Killing off the main character two thirds of the way through the series wasn’t even the mistake. If done right, it could have left a lasting impression. No, it’s how they killed him off: Capelli just shoots him in the head in a 20 second cut-scene. Credits roll. No attempt at trying to save him or restrain him. No emotion. No closure. Simply no good.
1. The Legend of Zelda: Link’s Awakening
The Legend of Zelda series can do no wrong when it comes to gameplay and design. Even the stories, which are usually pretty standard fantasy fare, are always solid. There’s always a Hero of Time named Link, there’s a mystical Triforce to retrieve and a Princess Zelda to save in the land of Hyrule.
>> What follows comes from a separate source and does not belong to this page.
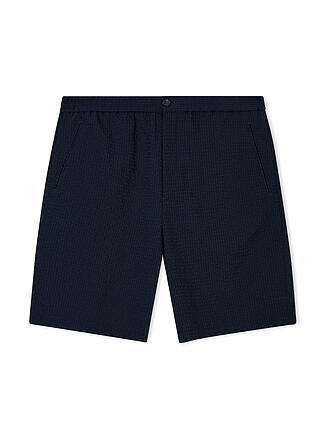 EMPORIO ARMANI | Shorts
The Legend of Zelda: Link’s Awakening, the first handheld title in the series, foregoes Hyrule, Zelda and the Triforce, instead taking the stranded Link to Koholint Island, a place ruled by the sleeping Wind Fish. Link must gather eight musical instruments hidden in dungeons and use them together to wake the Wind Fish, which would allow the hero to escape from the island.
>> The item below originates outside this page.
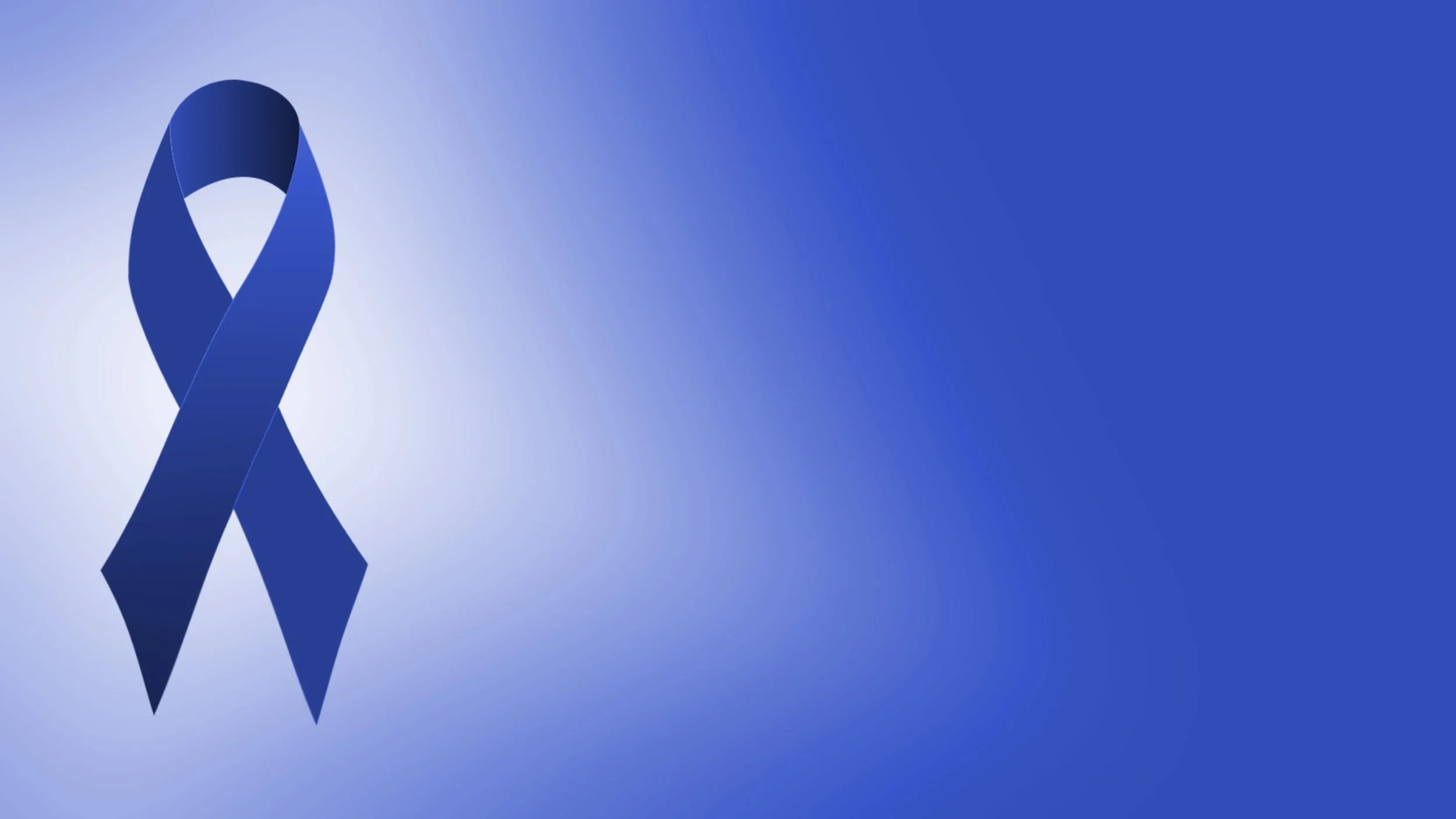 National Human Trafficking Awareness Day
So far, so good. After playing the “Ballad of the Wind Fish”, the egg that carries the magical creature breaks open, revealing the final boss of the game, an evil shapeshifting entity known as Nightmare. Once defeated, the Wind Fish makes his grand entrance and proclaims the unthinkable: it was all a dream.
It was all… A dream.
No video game (or anything for that matter!) should ever end like that. Instead of saving the world and vanquishing evil, all that effort goes to waste, leaving the gamer with a hollow feeling. Link’s Awakening is an amazing game whose ending will go down in history as one of the most disappointing ever.